◆ Activity: Reproduce, from the lines below, exactly the stretch that begins at the line containing "Бутон мулти волан" and ends at the line containing "Stop Mare Mortum", both included.

◆ Listed records:
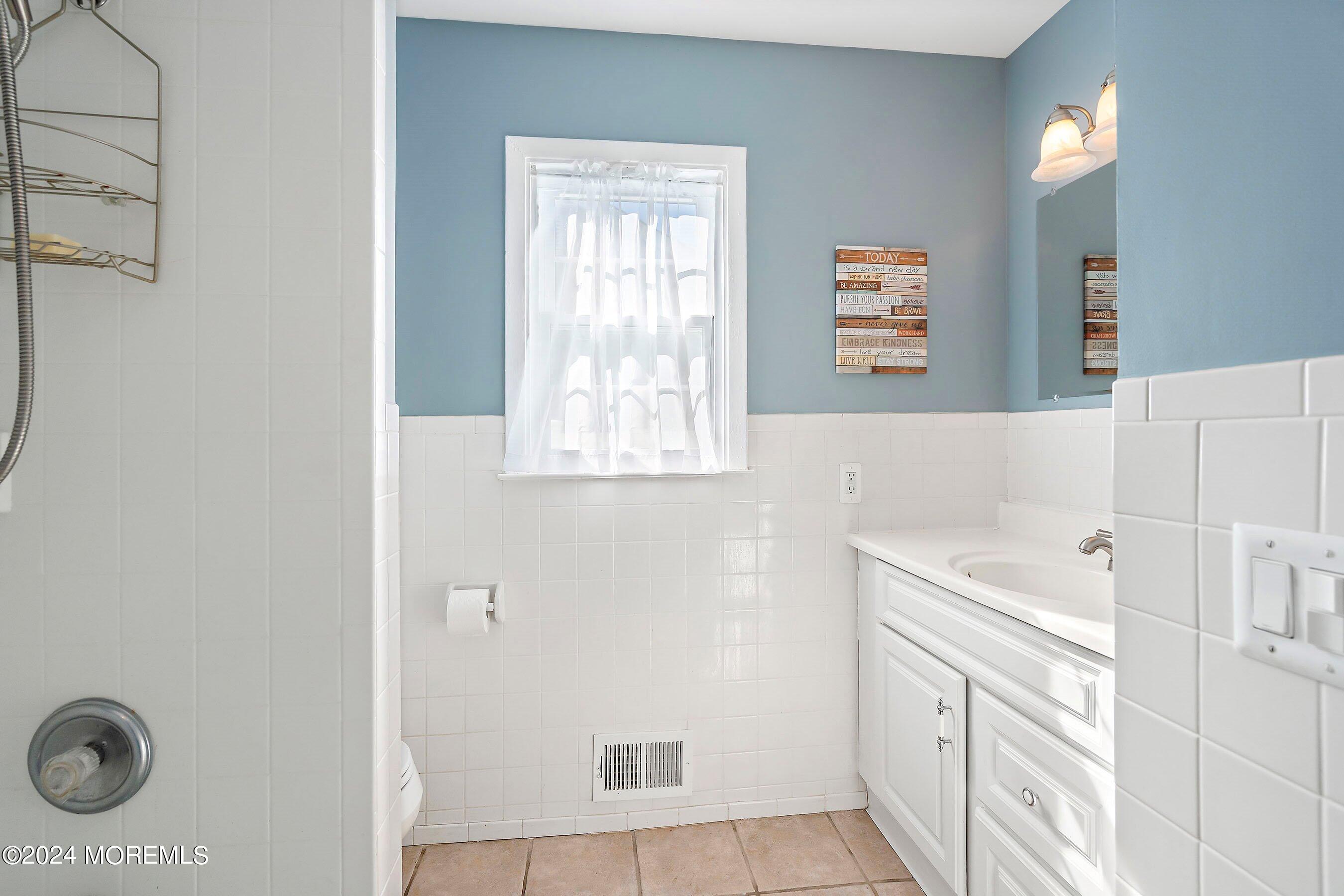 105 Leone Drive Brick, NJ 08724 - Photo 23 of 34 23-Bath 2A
--
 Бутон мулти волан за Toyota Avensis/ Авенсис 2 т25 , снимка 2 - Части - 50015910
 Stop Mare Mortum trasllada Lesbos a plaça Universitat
...
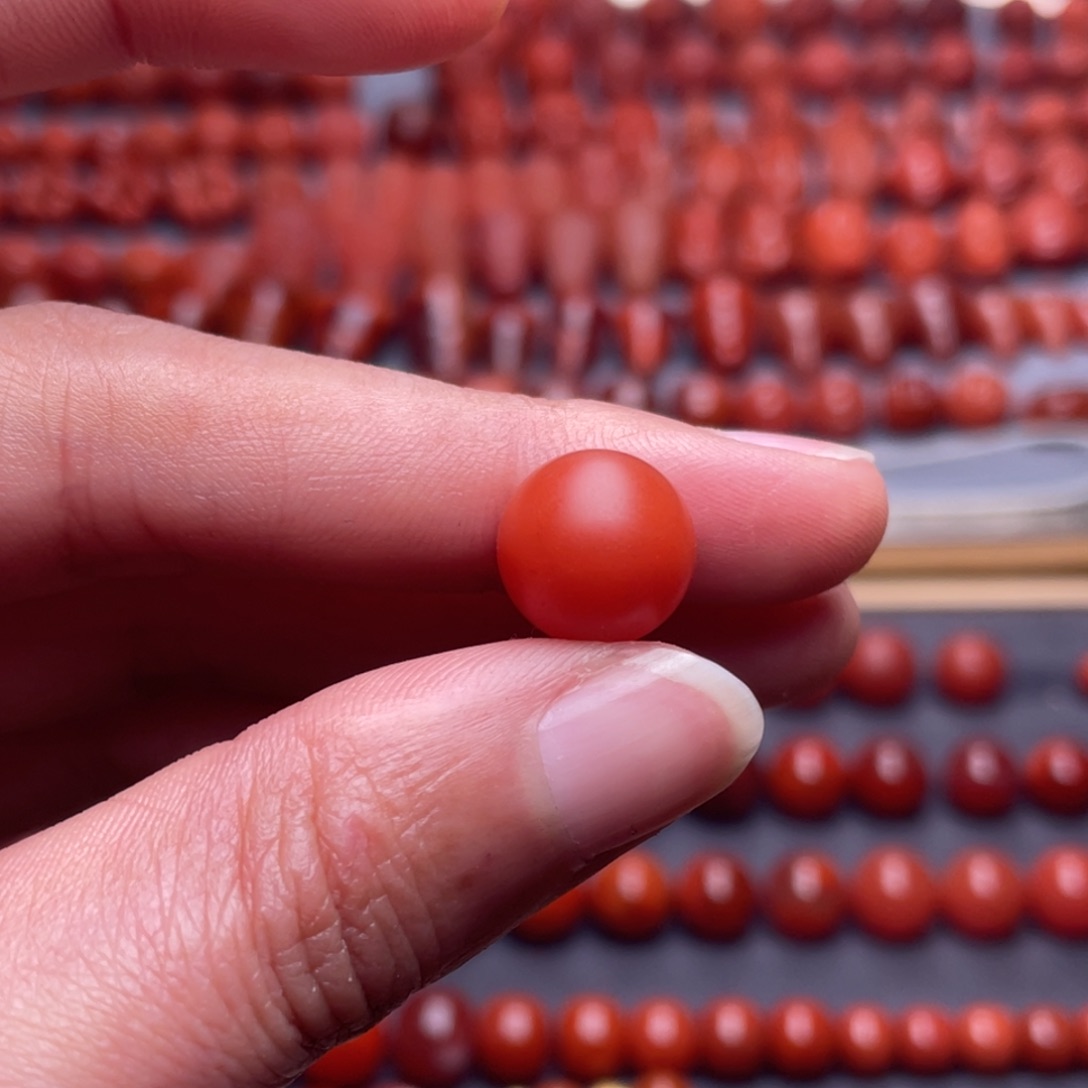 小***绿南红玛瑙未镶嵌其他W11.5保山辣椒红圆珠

◆ Expected answer:
 Бутон мулти волан за Toyota Avensis/ Авенсис 2 т25 , снимка 2 - Части - 50015910
 Stop Mare Mortum trasllada Lesbos a plaça Universitat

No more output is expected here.